Carin and Stephane start with the water from the CTD cast which contains phytoplankton and microzooplankton. They then use nets that are dropped down and brought up vertically to capture the zooplankton. They take the CTD water, add a known number of copepods (mesozooplankton) to it and incubate it (put it in a natural environment where they can feed) for 24 hours (see photo below). They remove the copepods, count them, and use that information in conjunction with information about phytoplankton and microzooplankton to get an idea of the grazing rate (how much they are eating). If there are lots of phytoplankton around and the copepods can’t eat it all, the phytoplankton will die and sink to the bottom. That adds to the benthos (bottom organisms) that Jackie Grebmeier and others are sampling. (I told you it all fits together!) Carin and Stephane also look for eggs on the copepods as a measure of the potential growth of the population. Early results show that egg production seems to be less in the basin (deep water) than on the shelf, possibly because food is less available in the deeper water.

The other work that Carin and Stephane are doing uses an amazing underwater microscope called a video plankton recorder (VPR), an instrument that actually photographs plankton and parcticles with a light that flashes 60 times each second. With this, they can get a picture (it comes up on a screen in the lab) of the organisms at each depth. By combining this data with information about water currents, they can get an idea of how plankton and parcticles move between the shelf and the basin. When combined with data from other researchers, this information will provide a model of how the ecosystem works in these regions. The final goal is to use this model to predict the impact of climate change in this region.

This is a simple diagram of who eats what (a food web) among the plankton. The arrow points to the organism that does the eating. For example, mezoplankton eat both microzooplankton and phytoplankton.

Carin is one of several scientists on board who are studying plankton. In this picture Carin is using a microscope with a camera on top to project images of the copepods onto a screen.

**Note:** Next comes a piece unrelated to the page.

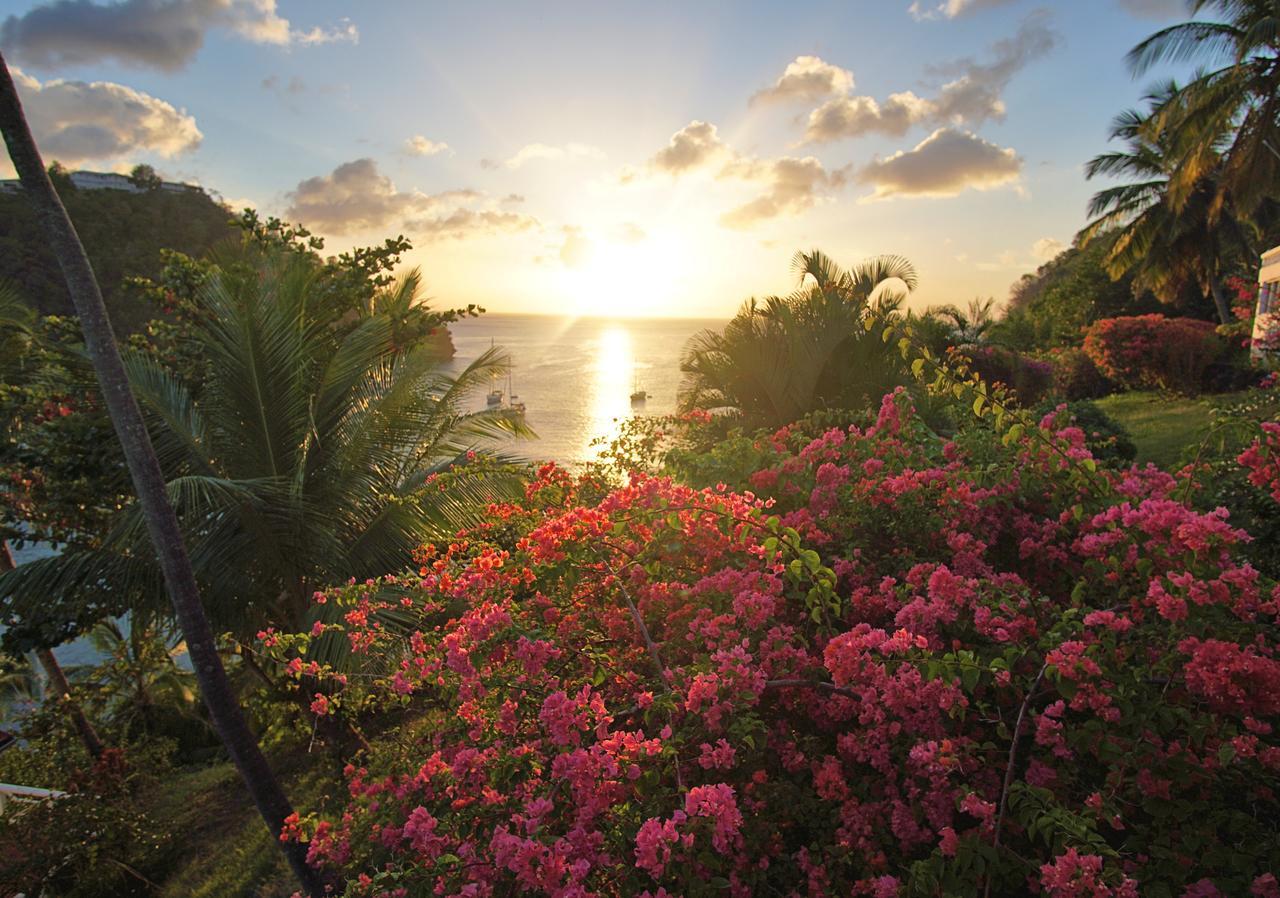 Marigot Beach Club & Dive Resort Dış mekan fotoğraf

Stephane Plourde works with Carin on the study of grazing and egg production rates of copepods.

Copepods are a part of the larger sized zooplankton called mesozooplankton. They are related to shrimp but must be viewed with a microscope. With a camera attached to her microscope, this is what Carin sees on her screen.

Carin and Stephane put their copepods into water from the CTD cast that contains phytoplankton and microzooplankton. That water is then incubated on deck in the uncubator you see here for 24 hours. After they analyze the results, they can tell how much the copepods are eating and how fast they are eating it.

Stephane and Carin are putting the VPR (video plankton recorder) into the water.

THis is the image sent back by the video plankton recorder. It is so clear that, in the lower right quarter of the picture, you can identify diatoms and copepods as they swim by.